Beksan Lawung Ageng

Salah satu tarian pusaka yang dimiliki oleh Keraton Yogyakarta adalah Beksan Lawung Ageng, tari yang menggambarkan adu ketangkasan prajurit bertombak. Beksan Lawung Ageng diciptakan oleh Sri Sultan Hamengku Buwono I (1755-1792) yang terinspirasi perlombaan watangan. Watangan adalah latihan ketangkasan berkuda dan memainkan tombak yang biasa dilakukan oleh Abdi Dalem Prajurit pada masa lalu. 

Dalam watangan, yang juga dikenal dengan sebutan Seton karena dimainkan tiap hari Sabtu, seorang prajurit akan berkuda sambil membawa tombak berujung tumpul yang disebut lawung. Lawung tersebut kemudian digunakan untuk menyerang dan menjatuhkan lawan. Perlombaan ini dahulu diadakan di Alun-Alun Utara dengan diiringi gamelan Kiai Guntur Laut yang memainkan Gendhing Monggang.

Beksan Lawung Ageng menggambarkan suasana berlatih perang dan adu ketangkasan dalam bermain tombak, sama seperti suasana pada saat watangan berlangsung. Gerakan-gerakannya mengandung unsur heroik, patriotik, dan berkarakter maskulin. Dialog yang digunakan dalam tarian merupakan campuran dari bahasa Madura, Melayu, dan Jawa. Dialog tersebut umumnya adalah perintah-perintah dalam satuan keprajuritan. 

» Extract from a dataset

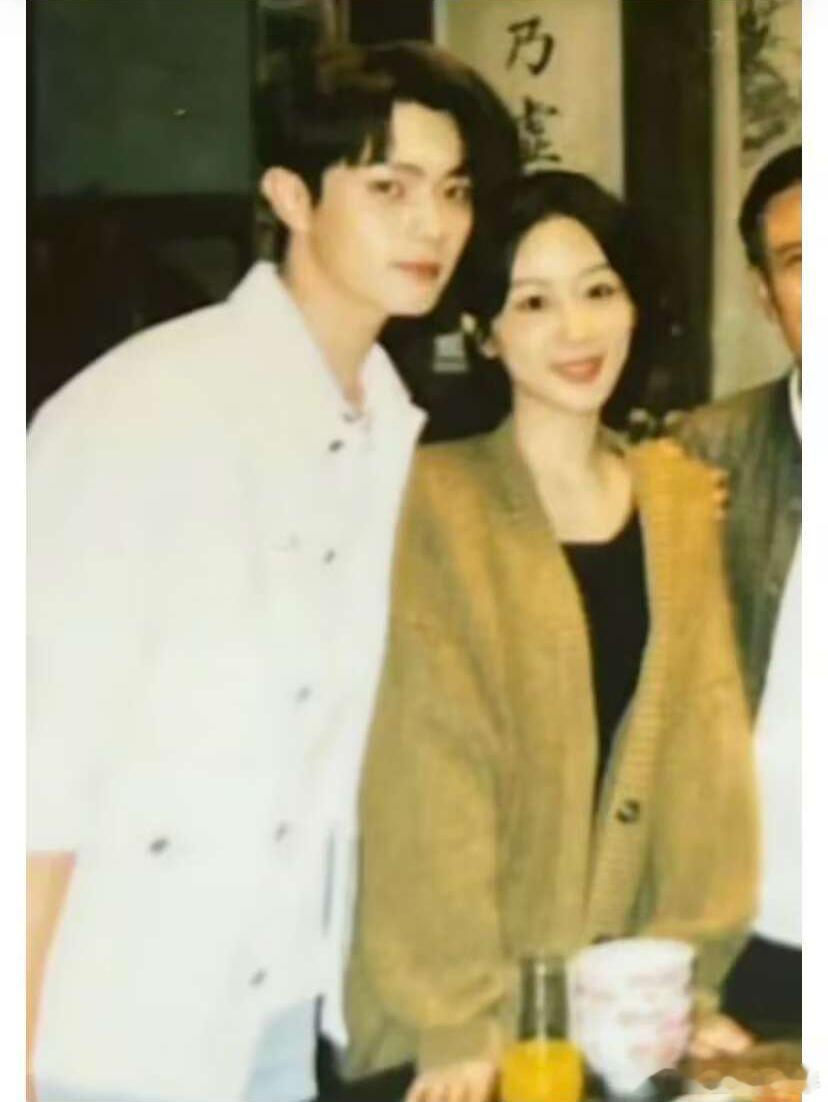 杨紫的CP感真的仪态玄学了，每次和男主搭配，都吧男主带的火到不要不要的，真的是绝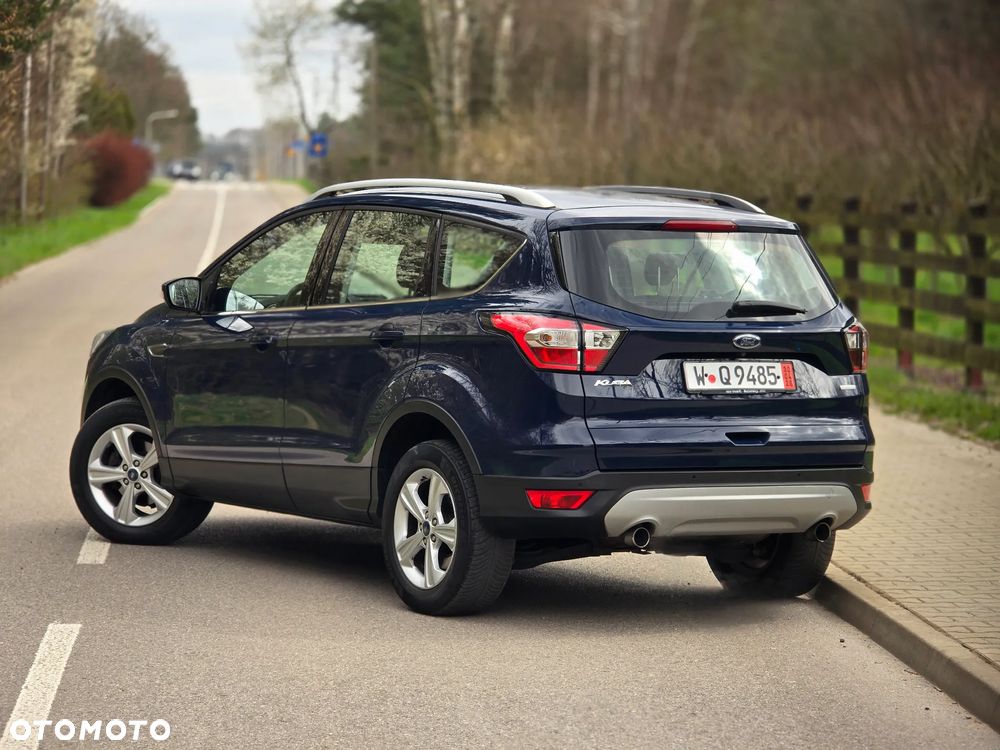 Ford Kuga 1.5 EcoBoost 2x4 Titanium - 3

2 Beksan Lawung Ageng Merupakan Salah Satu Tarian Pusaka

Beksan Lawung Ageng merupakan salah satu tarian pusaka.

 

Peran dalam Beksan Lawung Ageng

Ada lima peran dalam Beksan Lawung Agengjajar, lurah, botoh, ploncon, dan salaotho. Jajar terdiri dari empat penari, berperan sebagai prajurit muda yang penuh dengan semangat. Dalam struktur keprajuritan, jajar adalah pangkat paling rendah bagi seorang prajurit. Penari yang berperan sebagai jajar menggunakan ragam gerak bapang yang bersifat gagah dan ekspresif. Lurah juga terdiri dari empat penari, berperan sebagai prajurit yang telah matang. Dalam struktur keprajuritan, prajurit berpangkat lurah menempati posisi di atas jajar. Penari yang berperan sebagai lurah menggunakan ragam gerak kalang kinantang yang bersifat gagah dan anggun, lebih halus dibanding ragam gerak bapang. Jajar dan lurah inilah yang berperan sebagai prajurit yang berhadapan satu sama lain.

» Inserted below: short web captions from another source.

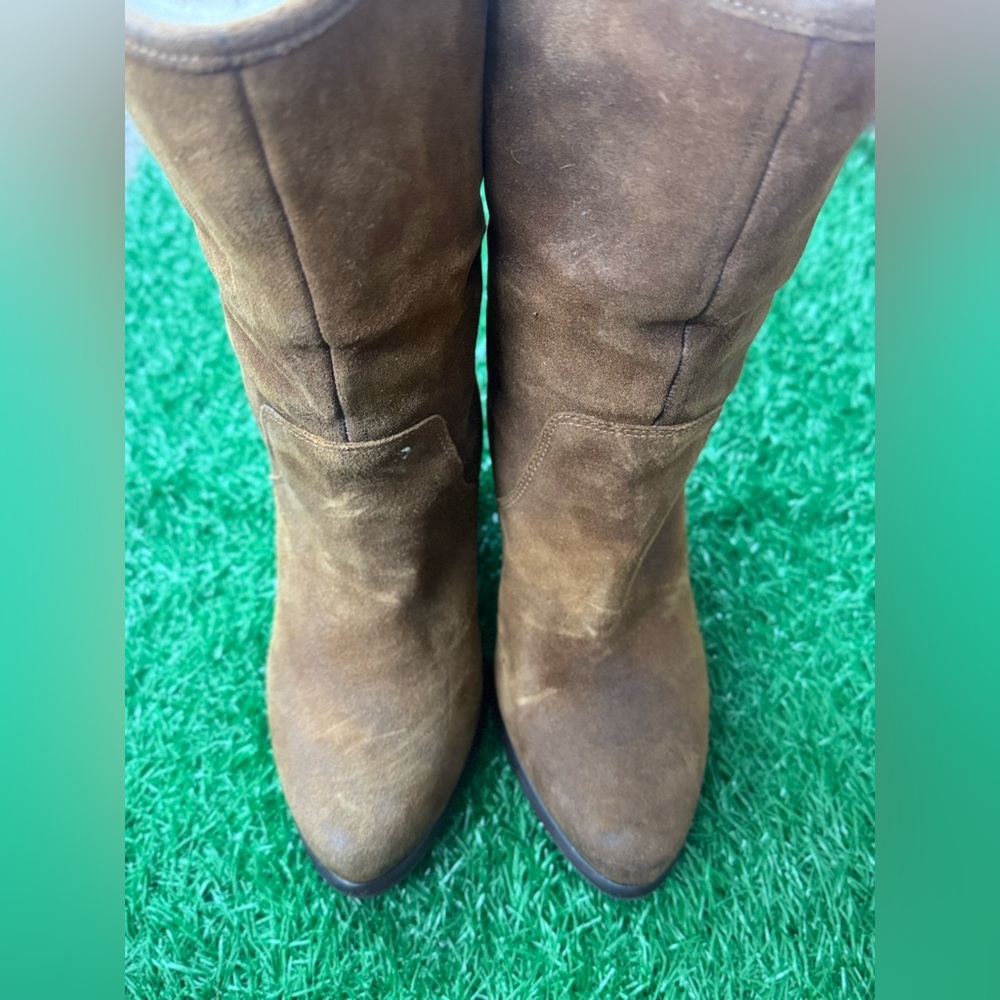 UGG Layna Sheepskin Cuff Winter Boots Size 5 - Picture 10 of 11
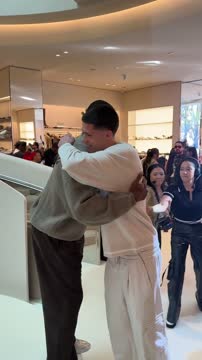 Дёмин встретился с легендой НБА Дуэйном Уэйдом в Беверли-Хиллз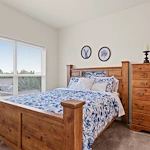 Image of Vineyard Park of South Hills (6)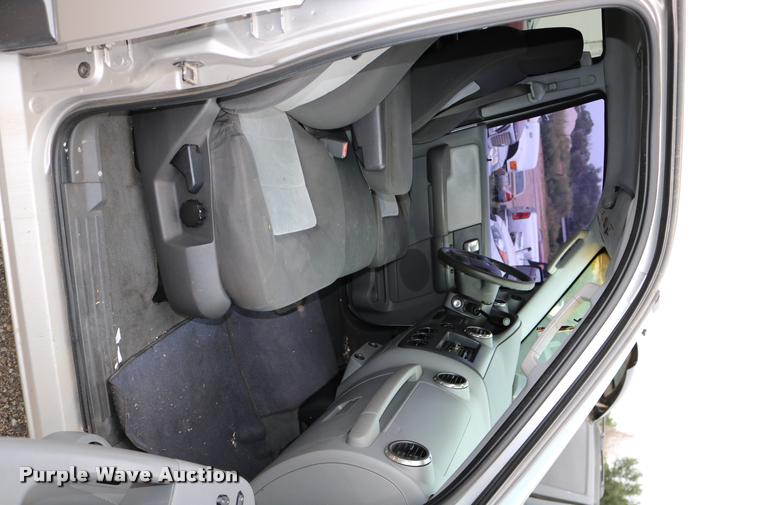 image for item DD0206 2004 Ford Expedition SUV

Peran botoh terdiri dari dua penari, berperan sebagai tokoh yang mengadu ketangkasan prajurit yang mereka miliki. Ploncon terdiri dari empat penari, keempatnya bertugas memegang tombak sebelum digunakan jajar atau lurah. Dalam pengertian umum, ploncon adalah perabot yang digunakan untuk meletakkan keris, tombak, atau songsong (payung) dalam posisi tegak. Peran ploncon kadang disebut juga sebagai pengampil. Salaotho terdiri dari dua penari, masing-masing berperan sebagai Abdi Dalem pelawak, yang setia pada masing-masing botoh. Penari yang berperan sebagai salaotho menggunakan ragam gerak gecul yang bersifat jenaka.

10 Dari Kiri Ke Kanan (titik Dua) Lurah, Botoh Dan Salaotho (ki Ka)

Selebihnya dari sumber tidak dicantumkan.